Sex with a man is like what I have read in books and Glamour. There is suspense and need, an aching and much throbbing. There is el spot, and when Julio touches it, I understand immediately that this is the reason women cheat on their men, risk their corporate jobs, and abandon their children. And that Judy Blume was right, too. Something else could happen.
By the time I start wearing a fake gold chain that proclaims “Julio [heart] Daisy 2-14-91,” my mother and aunties refuse to speak to him. It only makes me want him more. At nineteen, I move in with him, setting up our home in a basement apartment while commuting to college and working two part-time jobs. I love Julio against all odds, but mostly against the wishes of my mother and tías.
When we break up a year later, Julio says my mother was right. He feared what she desired: that I would leave him for the guy with more money and a better car. Guilt-ridden, I tell him he’s wrong. The other guy understands me better. He’s also in college and a writer.
But Julio is right. The other guy does have a better car. He didn’t emigrate from Colombia and he has the money to attend college. He’s not Italian, but his grandmother is.
How did I end up heeding my mother’s warnings? Were the romance novels wrong? Does love follow the lines of race and class?
To the degree that I am disturbed, my mother and tías are delighted. Finally, I am listening to them. I am in college, living back home, working part-time at a newspaper, and dating a gringo.
The sign in the student center at William Paterson College reads “Workshop on Sexuality for Women * Hosted by the Feminist Collective.”
I would like to say now that the afternoon, which changed my life, was cinematic. But it wasn’t. One night, I was in the arms of my new boyfriend; the next afternoon, I was sitting in a carpeted room with other college girls, giggling, fully clothed, drawing portraits of our vulvas.

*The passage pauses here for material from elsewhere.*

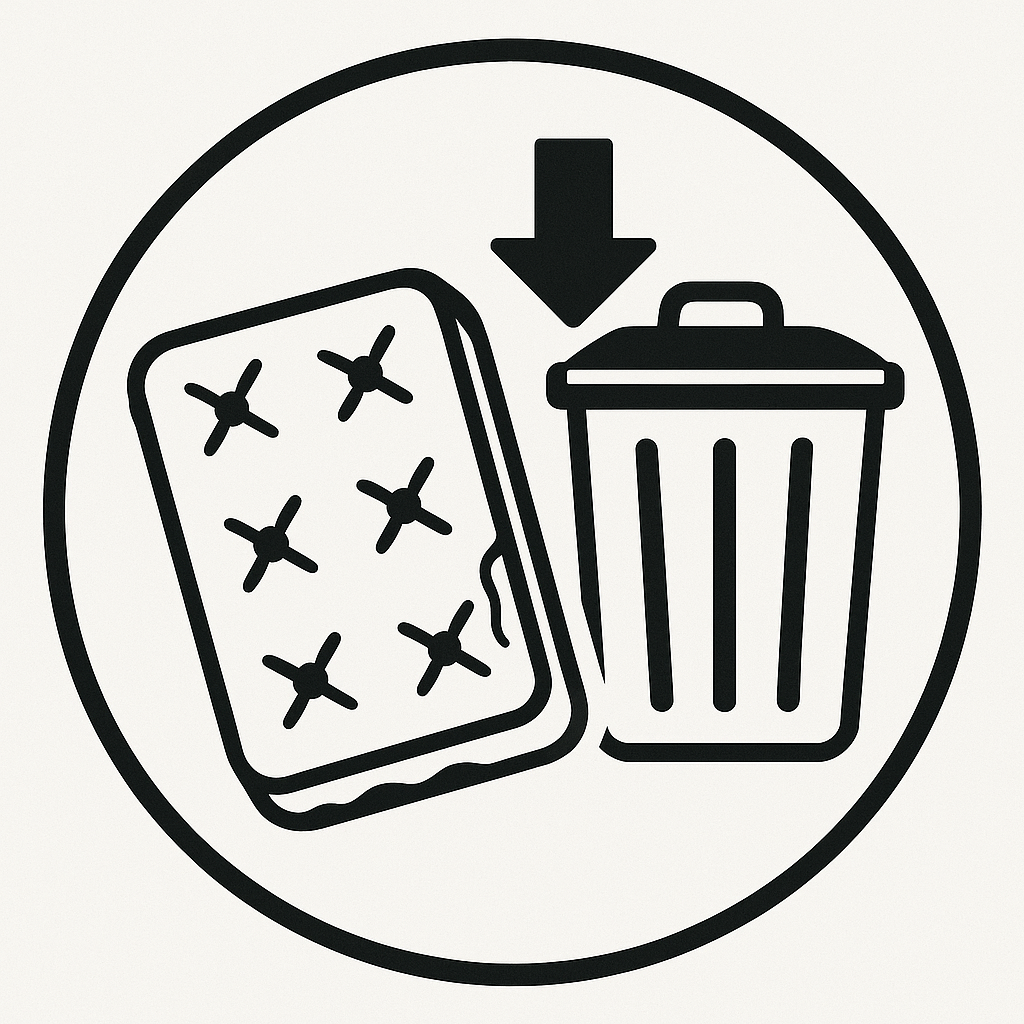 Mattress Delivery Additional Services: Old Mattress Disposal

The facilitator, a woman from Planned Parenthood, is genuinely cheerful and unfazed by our work. “That’s it everyone! You’re doing great!” she calls out. “Fanny, that’s beautiful! I love the colors. Keep going! We’ve got crayons for everyone! Don’t be shy.”
I glance up and down the table. All the women are drawing vulvas in startling shapes and colors and spending time on the size and details of their clitorises. So engrossed in staring, I almost don’t hear the Latina sitting next to me when she starts talking.
Fanny is the president of the Feminist Collective and she’s encouraging me to attend the group’s weekly lunch meetings. I nod politely, but I’m too preoccupied with the portrait of another woman’s vulva, which looks like strawberries that have been plucked, washed, and pried opened.
Fanny introduces me to the white woman sitting next to her, saying, “This is my girlfriend.”
Maybe it’s the rich colors of all those vulvas in one room or the slow and purposeful way she says “girlfriend,” but I understand her immediately. And as I nod at Girlfriend, I think, “I have never met one.” A lesbian.
Lesbians happen on television like Iris Chacón. They belong to another country. The idea of actually kissing a girl has never occurred to me. As Fanny and Girlfriend peck each other ever so lightly on the lips, I feel so embarrassed and enthralled that I frantically look around for a place to put my eyes. Finding nothing, I stare down at the crayon drawings of their vulvas.
What is wrong with me? Qué me pasa? Why had it never occurred to me? A girl. I love kissing boys, but a girl. I could kiss a girl. The facilitator passes by, murmuring, “Daisy, why don’t you add some colors, open it up.”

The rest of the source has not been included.